**Source material:**
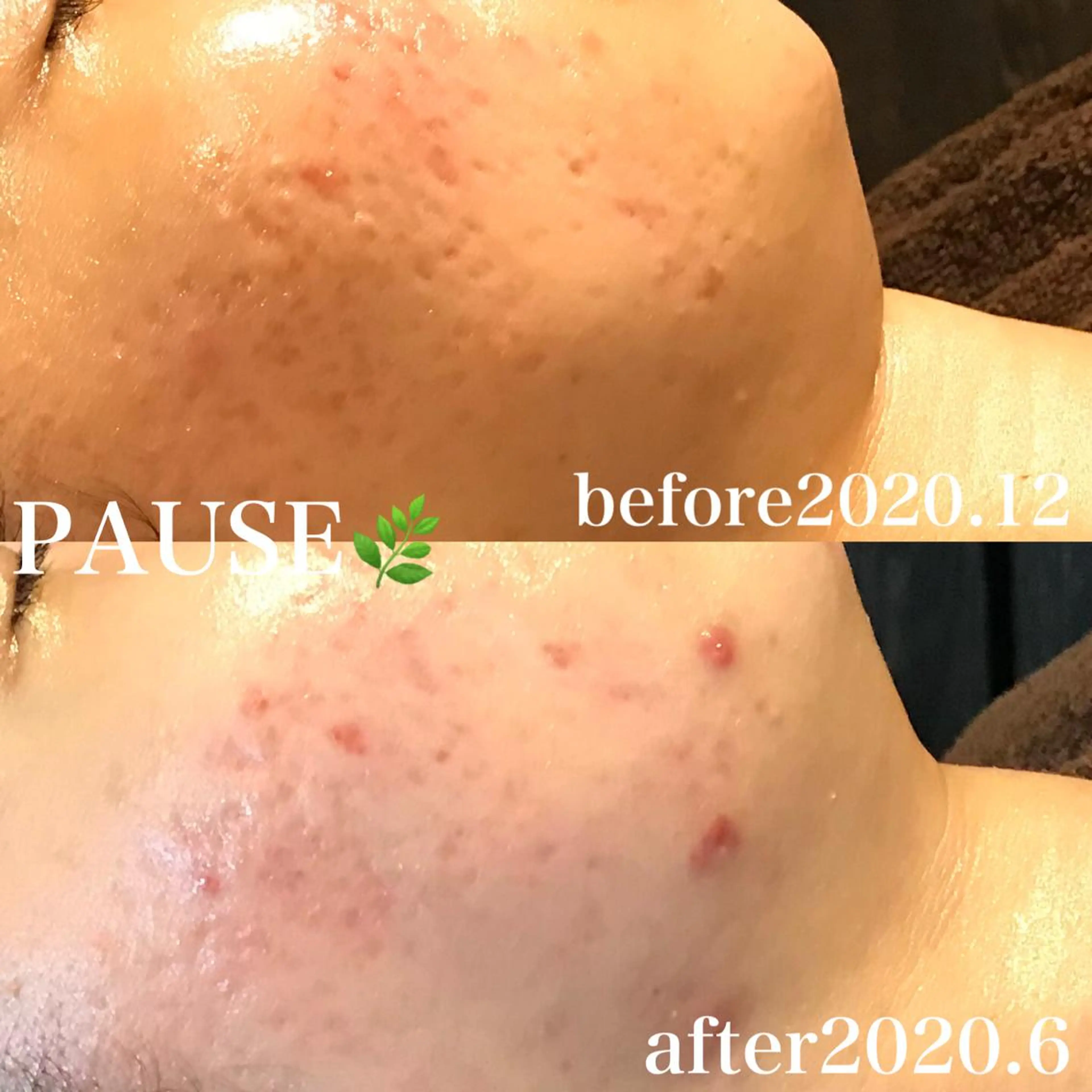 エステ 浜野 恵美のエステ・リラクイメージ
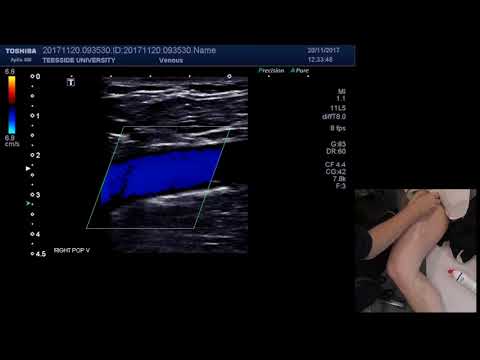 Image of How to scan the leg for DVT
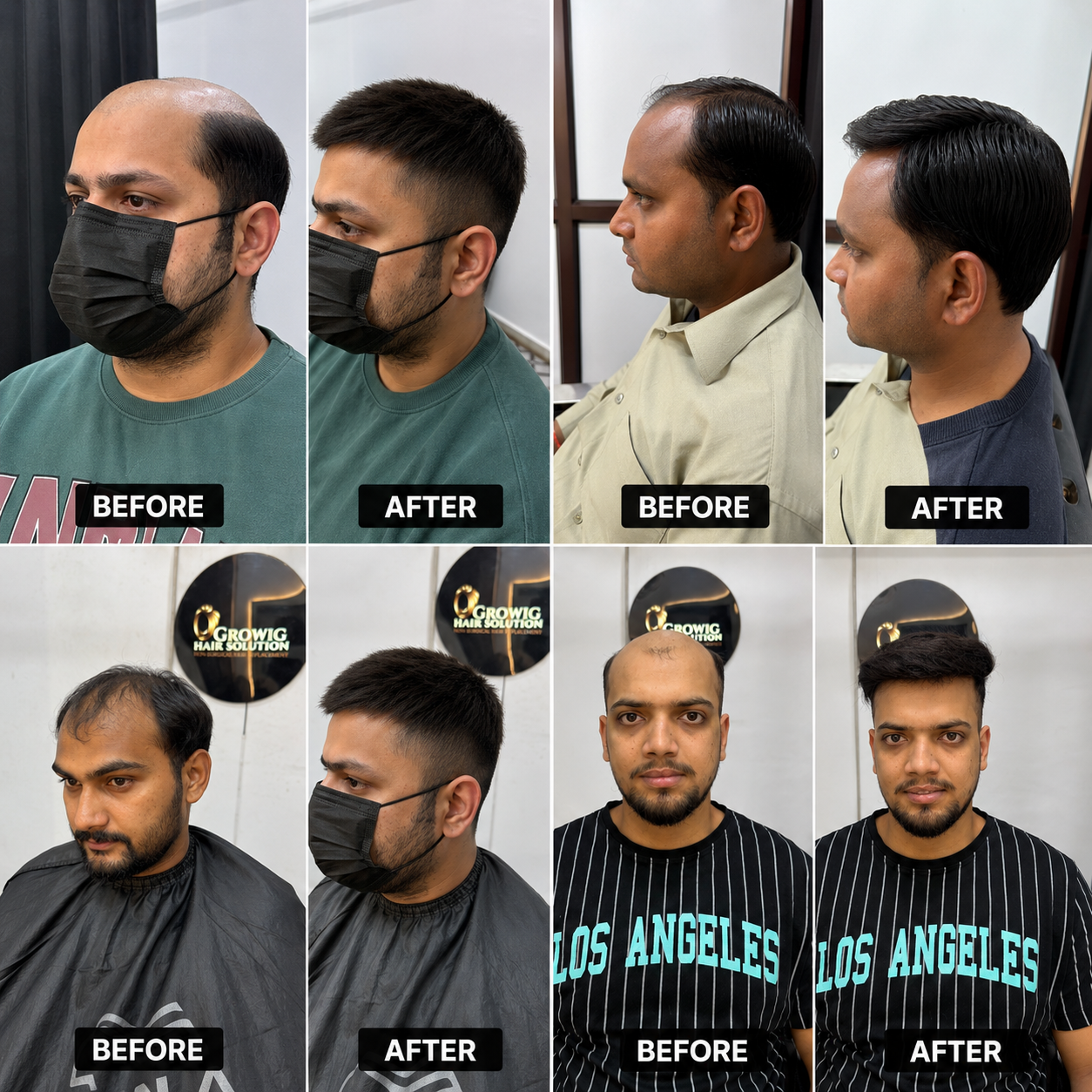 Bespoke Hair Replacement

**To do:**
Copy out the whole listing exactly, and don't carry over any pictures.

**Expected answer:**
 エステ 浜野 恵美のエステ・リラクイメージ
 Image of How to scan the leg for DVT
 Bespoke Hair Replacement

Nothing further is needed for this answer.